Nebelfahrten im Fahrsimulator
Dieser Unterschied könnte für das Gehirn eine große Rolle spielen, mutmaßten die Forscher. Um das zu prüfen, ließen sie insgesamt 32 geübte Autofahrer in einem Fahrsimulator unter verschiedenen Sichtverhältnissen fahren. Es gab zwei Testsituationen: Die Probanden sollten entweder die gefühlte Geschwindigkeit bei zwei Fahrten miteinander vergleichen oder aber selbst versuchen, eine bestimmte Zielgeschwindigkeit einzuhalten.
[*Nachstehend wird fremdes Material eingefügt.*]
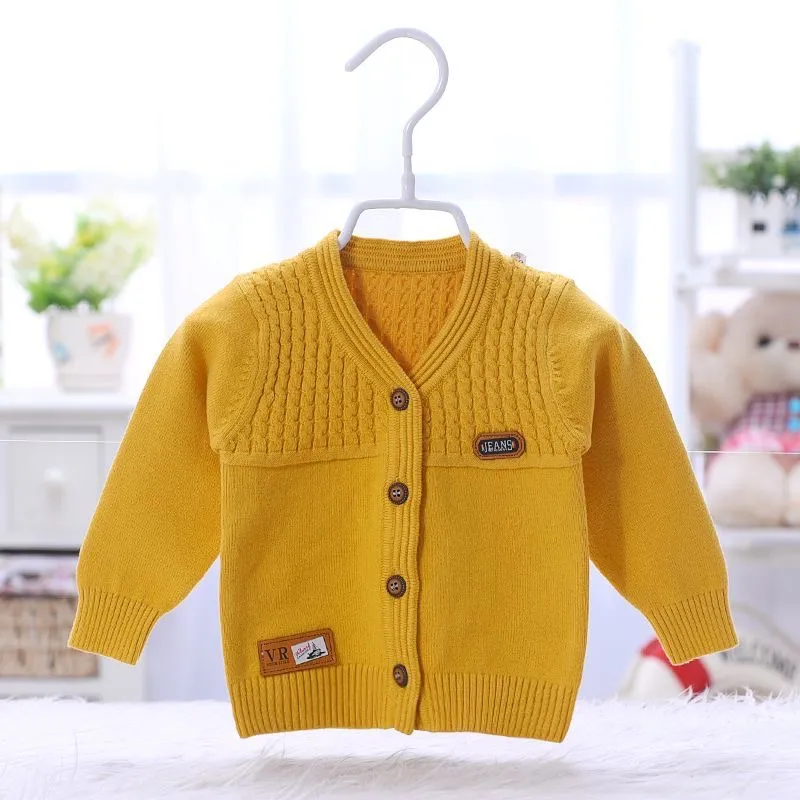 Baby Knit Button Sweater (Unisex)
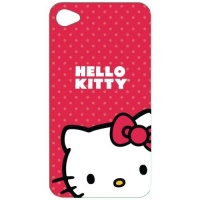 HELLO KITTY KT4488R4 iPhone 4 Polycarbonate Wrap - Retail Packaging -Red/White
Wie erwartet, führte eine gleichmäßig getrübte Sicht tatsächlich zum Unterschätzen der eigenen Geschwindigkeit. Waren die Probanden mit 65 Kilometern pro Stunde unterwegs, kam es ihnen so vor, als würden sie nicht mehr als 41 Kilometer pro Stunde fahren. Folglich gaben sie unter solchen Bedingungen ordentlich Gas, so dass sie beispielsweise statt der geforderten 85 Kilometer pro Stunde auf 93 oder, bei stärkerer Eintrübung, sogar auf 103 km/h kamen, ohne es zu merken. Simulierten die Wissenschaftler dagegen die Sichtverhältnisse bei Nebel, indem sie nur die Mitte des Gesichtsfeldes unscharf machten, kehrten sich die Ergebnisse um: Nun empfanden die Teilnehmer die realen 65 Kilometer pro Stunde wie rasante 94 km/h. Und statt der geforderten 85 fuhren sie im zweiten Test lediglich 70.
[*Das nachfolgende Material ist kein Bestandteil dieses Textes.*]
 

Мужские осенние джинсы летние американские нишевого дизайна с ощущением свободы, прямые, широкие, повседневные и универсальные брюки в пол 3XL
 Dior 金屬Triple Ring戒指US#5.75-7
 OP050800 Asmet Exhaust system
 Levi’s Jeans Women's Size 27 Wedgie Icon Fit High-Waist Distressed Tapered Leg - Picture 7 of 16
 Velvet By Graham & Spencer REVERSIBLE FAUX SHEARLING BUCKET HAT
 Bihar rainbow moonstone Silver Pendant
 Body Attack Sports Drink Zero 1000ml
Es kommt aufs Verhältnis an
Entscheidend für die gefühlte Geschwindigkeit scheine demnach nicht zu sein, wie stark der Kontrast insgesamt reduziert werde, sondern wo diese Reduktion stattfinde, schlussfolgern die Forscher. So ist bei Nebel der Rand des Gesichtsfeldes scharf – die eigene Geschwindigkeit kann in diesem Bereich relativ realistisch eingeschätzt werden. Zur Mitte hin wird die Sicht jedoch unschärfer, während sich gleichzeitig die Geschwindigkeit dort zu reduzieren scheint. Aus diesem Verhältnis errechnet das Gehirn dann offenbar die endgültige gefühlte Geschwindigkeit.
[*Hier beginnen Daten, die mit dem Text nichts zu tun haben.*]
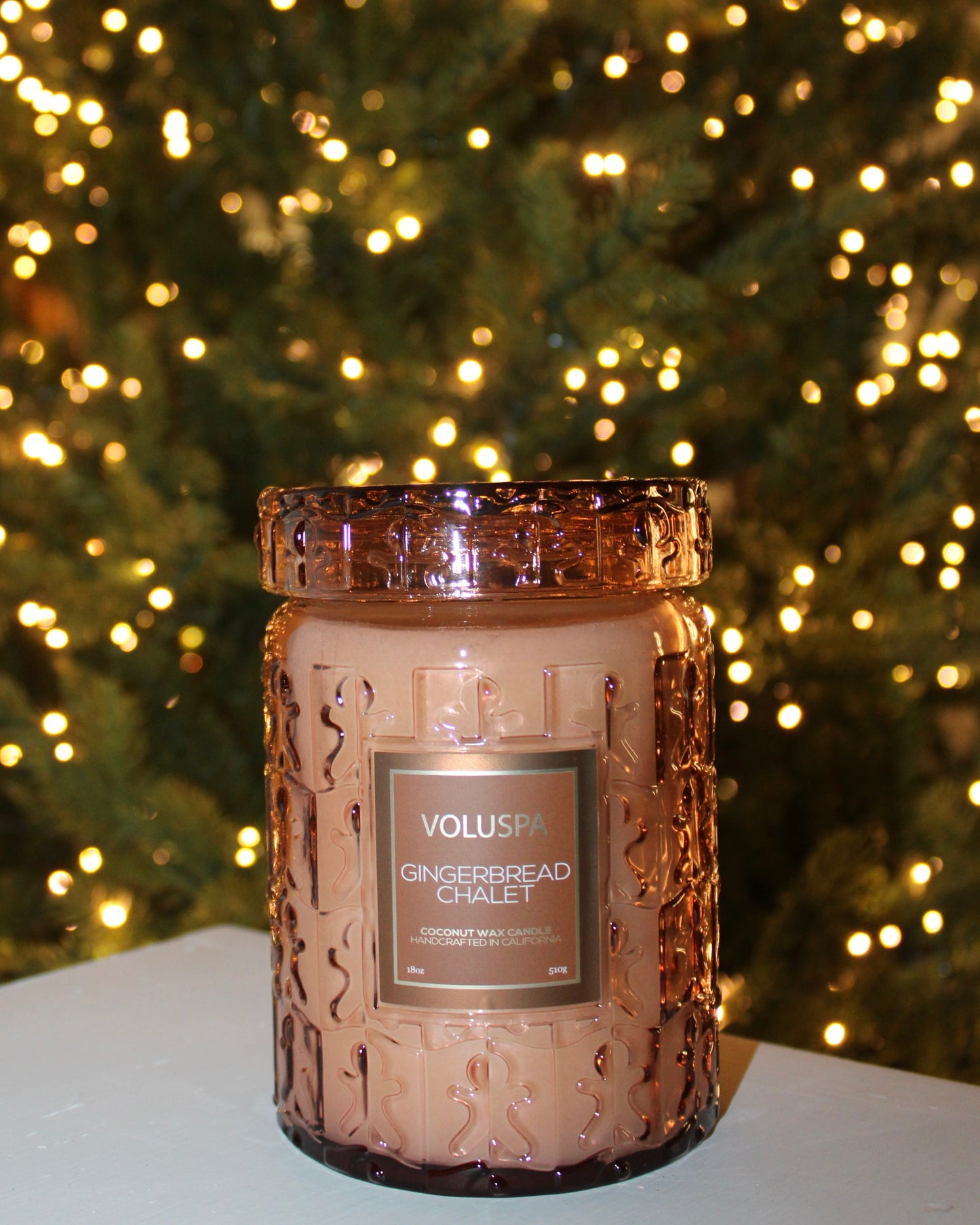 Gingerbread Chalet Candle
Dass sie mit diesem Modell richtig lagen, konnten die Forscher in einem weiteren Experiment zeigen: Sie erzeugten eine Art Anti-Nebel, also ein Szenario, in dem nur das Gebiet direkt vor den Probanden unscharf, alles weiter weg liegende jedoch sehr scharf wirkte. Unter diesen Bedingungen kehrte sich auch der Geschwindigkeitseffekt wieder um: Die Probanden begannen wieder, ihre eigene Geschwindigkeit drastisch zu unterschätzen – und viel schneller zu fahren, als sie sollten. Die Ergebnisse helfen zum einen, das Sehsystem des Menschen besser zu verstehen, sagen die Froscher. Und zum anderen könnten helfen, bessere Leitsysteme für schlechte Sichtverhältnisse zu schaffen. (doi: 10.7554/eLife.00031)
(eLife, 02.11.2012 – NPO)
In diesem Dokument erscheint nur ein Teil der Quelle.